RECURSO ESPECIAL Nº 1.665.146 - DF (2017/0074785-8) RELATORA : MINISTRA MARIA ISABEL GALLOTTI RECORRENTE : MARIA MADALENA DA CONCEICAO ADVOGADO : DEFENSORIA PÚBLICA DO DISTRITO FEDERAL RECORRIDO : BV FINANCEIRA SA CRÉDITO FINANCIAMENTO E INVESTIMENTO ADVOGADO : GUILHERME CORREA GRISI E OUTRO (S) - DF028912 RECORRIDO : BRN DISTRIBUIDORA DE VEICULOS LTDA ADVOGADO : MARCELO BORGES FERNANDES E OUTRO (S) - DF016912 DECISÃO (...)
Nas razões do especial, a recorrente alega violação do art. 49 do Código de Defesa do Consumidor, afirmando que "sequer retirou o veículo da Concessionária, (...), exercendo, assim seu direito de arrependimento" (fl. 294), no terceiro dia após a compra. Acrescenta que, "embora o contrato tenha sido assinado na concessionária, não havia qualquer posto de trabalho da financeira dentro do estabelecimento, vez que os dados foram encaminhados e que posteriormente é que foi redigido o contrato" (fl. 295). Passo a decidir. Inicialmente verifica-se que a arguição de que não havia posto da financeira dentro da concessionária, não foi dirimida pela Corte de origem, que entendeu devidamente fundamentado seu acórdão, sem necessidade de se pronunciar sobre ponto que não julgou necessário ao deslinde da questão. Ressalte-se, ademais, que a recorrente não aponta qual o dispositivo legal que ampara a citada alegação, sendo inviável o provimento do especial pela aplicação das Súmulas 282 e 284 do STF. No mais, o Tribunal de origem, com base nos fatos e provas dos autos, concluiu que a compra foi realizada dentro da concessionária, assim se pronunciando (fl. 285): (...) o contrato de financiamento foi assinado no estabelecimento da concessionária de veículos, e não por telefone ou a domicílio. Assim, ainda que não o tenha sido no estabelecimento bancário da segunda ré, tal fato, por si só, não atrai a incidência do art. 49 do CDC, especialmente por ser comum a existência de postos de atendimento bancário no interior de grandes concessionárias de veículos. (...)

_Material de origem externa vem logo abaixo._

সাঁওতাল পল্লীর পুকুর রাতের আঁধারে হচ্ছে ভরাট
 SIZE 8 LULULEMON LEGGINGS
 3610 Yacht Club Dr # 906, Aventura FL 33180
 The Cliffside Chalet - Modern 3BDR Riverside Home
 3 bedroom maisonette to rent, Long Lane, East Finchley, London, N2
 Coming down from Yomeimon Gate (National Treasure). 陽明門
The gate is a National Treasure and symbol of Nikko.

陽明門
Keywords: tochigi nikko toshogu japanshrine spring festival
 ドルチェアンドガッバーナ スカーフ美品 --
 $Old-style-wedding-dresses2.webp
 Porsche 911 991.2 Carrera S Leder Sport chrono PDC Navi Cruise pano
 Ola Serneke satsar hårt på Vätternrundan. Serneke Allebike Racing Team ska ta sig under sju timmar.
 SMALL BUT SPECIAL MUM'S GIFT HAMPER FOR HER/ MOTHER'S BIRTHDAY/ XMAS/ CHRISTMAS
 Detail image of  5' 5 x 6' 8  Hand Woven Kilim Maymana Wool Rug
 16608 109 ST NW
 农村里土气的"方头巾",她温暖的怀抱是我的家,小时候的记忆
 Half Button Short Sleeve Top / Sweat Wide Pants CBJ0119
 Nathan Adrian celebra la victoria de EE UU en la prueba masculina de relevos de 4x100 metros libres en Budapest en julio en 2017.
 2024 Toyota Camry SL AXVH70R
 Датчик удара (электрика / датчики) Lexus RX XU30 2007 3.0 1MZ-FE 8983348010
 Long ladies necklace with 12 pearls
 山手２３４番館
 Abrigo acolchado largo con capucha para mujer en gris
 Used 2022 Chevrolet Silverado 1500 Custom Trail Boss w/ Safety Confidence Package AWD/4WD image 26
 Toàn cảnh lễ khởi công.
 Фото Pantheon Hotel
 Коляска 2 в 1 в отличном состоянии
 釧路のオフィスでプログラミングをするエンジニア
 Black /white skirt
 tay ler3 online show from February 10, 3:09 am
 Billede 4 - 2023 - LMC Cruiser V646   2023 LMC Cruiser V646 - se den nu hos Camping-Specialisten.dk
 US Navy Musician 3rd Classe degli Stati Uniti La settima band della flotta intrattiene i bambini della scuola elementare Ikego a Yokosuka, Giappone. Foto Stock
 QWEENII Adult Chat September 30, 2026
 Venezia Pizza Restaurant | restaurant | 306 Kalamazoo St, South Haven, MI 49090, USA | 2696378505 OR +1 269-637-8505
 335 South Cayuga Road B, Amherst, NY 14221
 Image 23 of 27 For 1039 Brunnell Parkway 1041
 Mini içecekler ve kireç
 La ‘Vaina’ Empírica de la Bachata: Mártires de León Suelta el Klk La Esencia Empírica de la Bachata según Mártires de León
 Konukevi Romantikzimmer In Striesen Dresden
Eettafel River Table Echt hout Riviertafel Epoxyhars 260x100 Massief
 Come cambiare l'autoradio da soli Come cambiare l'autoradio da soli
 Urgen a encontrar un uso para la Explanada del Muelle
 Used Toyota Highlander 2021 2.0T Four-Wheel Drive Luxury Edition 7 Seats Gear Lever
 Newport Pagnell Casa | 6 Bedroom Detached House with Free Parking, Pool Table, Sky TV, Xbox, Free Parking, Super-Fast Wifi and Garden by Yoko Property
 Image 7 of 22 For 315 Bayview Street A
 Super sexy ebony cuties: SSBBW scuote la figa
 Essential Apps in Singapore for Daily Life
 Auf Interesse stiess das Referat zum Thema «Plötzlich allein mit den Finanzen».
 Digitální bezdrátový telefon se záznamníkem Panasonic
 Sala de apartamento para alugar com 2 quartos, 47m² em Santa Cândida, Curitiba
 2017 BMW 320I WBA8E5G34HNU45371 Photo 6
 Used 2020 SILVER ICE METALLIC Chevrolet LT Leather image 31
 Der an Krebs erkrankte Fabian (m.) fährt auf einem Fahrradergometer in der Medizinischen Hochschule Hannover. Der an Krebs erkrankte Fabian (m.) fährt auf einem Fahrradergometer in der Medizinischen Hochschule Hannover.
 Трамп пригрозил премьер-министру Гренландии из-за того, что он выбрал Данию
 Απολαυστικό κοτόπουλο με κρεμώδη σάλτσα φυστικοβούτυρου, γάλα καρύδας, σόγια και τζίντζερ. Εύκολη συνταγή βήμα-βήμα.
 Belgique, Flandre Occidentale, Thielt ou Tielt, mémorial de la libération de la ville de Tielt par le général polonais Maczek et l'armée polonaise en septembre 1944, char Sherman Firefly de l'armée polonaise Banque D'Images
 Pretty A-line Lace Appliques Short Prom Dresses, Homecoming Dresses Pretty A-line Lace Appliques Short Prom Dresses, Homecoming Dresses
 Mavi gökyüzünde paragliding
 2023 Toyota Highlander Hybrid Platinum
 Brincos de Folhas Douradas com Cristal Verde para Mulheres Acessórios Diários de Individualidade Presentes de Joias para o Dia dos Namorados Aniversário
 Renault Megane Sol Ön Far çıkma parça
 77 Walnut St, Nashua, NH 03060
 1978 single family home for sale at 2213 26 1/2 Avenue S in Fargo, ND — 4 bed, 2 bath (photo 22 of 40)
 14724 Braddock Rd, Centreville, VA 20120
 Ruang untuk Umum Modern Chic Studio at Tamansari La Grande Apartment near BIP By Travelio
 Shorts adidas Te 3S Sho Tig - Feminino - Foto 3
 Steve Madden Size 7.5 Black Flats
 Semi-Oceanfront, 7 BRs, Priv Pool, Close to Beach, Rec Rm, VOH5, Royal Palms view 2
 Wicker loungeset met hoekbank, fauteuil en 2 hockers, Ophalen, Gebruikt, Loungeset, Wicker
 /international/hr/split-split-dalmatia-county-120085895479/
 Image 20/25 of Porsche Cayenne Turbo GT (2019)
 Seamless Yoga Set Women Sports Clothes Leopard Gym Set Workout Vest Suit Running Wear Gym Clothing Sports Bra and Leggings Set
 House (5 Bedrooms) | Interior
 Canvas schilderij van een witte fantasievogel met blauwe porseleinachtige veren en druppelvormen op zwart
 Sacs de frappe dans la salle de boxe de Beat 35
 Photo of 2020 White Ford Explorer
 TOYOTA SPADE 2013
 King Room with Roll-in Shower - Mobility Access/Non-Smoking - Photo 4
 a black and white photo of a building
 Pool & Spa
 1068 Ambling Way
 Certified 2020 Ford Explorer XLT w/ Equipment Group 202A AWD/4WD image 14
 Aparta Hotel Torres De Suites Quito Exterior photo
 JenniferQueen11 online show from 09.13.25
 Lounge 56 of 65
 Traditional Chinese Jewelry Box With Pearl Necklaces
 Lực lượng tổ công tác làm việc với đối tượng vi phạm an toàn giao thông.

(STJ - REsp: 1665146 DF 2017/0074785-8, Relator: Ministra MARIA ISABEL GALLOTTI, Data de Publicação: DJ 07/06/2017)

CONCLUSÃO

Portanto, conforme todo o exposto neste breve texto pode-se concluir pela possibilidade de cancelamento do contrato de financiamento de veículo automotor, seja pela forma amigável, mediante negociação com o banco (leilão ou transferência de dívida), seja pela forma indicada no artigo 49 do CDC, que levará em consideração o elemento temporal (07 dias) e o geográfico (fora do estabelecimento). Em ambos os casos, as nuances e as particularidades de cada um deverão ser analisadas em sua plenitude, na íntegra, para que o direito do consumidor seja garantido e não haja prejuízos na sua esfera patrimonial e moral.